How to complete this task:
Could you reproduce, from the records below, everything from the line with "image produit XIAOMI" down to the line with "Raybestos Brakes Disc", keeping both of those lines and changing nothing?

Records:
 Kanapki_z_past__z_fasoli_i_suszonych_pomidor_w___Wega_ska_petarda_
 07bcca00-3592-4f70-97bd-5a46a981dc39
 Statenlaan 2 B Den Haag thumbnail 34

---

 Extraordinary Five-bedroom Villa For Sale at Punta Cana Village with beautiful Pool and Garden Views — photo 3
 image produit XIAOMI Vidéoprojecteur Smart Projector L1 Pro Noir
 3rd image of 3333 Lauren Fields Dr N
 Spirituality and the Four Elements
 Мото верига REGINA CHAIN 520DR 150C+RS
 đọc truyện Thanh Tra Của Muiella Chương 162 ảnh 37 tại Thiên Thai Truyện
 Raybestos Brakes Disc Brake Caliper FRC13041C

---

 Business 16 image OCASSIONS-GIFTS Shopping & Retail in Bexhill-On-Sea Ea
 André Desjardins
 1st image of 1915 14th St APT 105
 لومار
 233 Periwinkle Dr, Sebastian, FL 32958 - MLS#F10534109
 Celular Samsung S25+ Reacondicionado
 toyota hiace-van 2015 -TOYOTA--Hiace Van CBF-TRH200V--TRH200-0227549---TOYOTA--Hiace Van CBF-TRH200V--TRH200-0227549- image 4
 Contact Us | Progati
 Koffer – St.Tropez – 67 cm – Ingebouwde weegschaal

Written solution:
 image produit XIAOMI Vidéoprojecteur Smart Projector L1 Pro Noir
 3rd image of 3333 Lauren Fields Dr N
 Spirituality and the Four Elements
 Мото верига REGINA CHAIN 520DR 150C+RS
 đọc truyện Thanh Tra Của Muiella Chương 162 ảnh 37 tại Thiên Thai Truyện
 Raybestos Brakes Disc Brake Caliper FRC13041C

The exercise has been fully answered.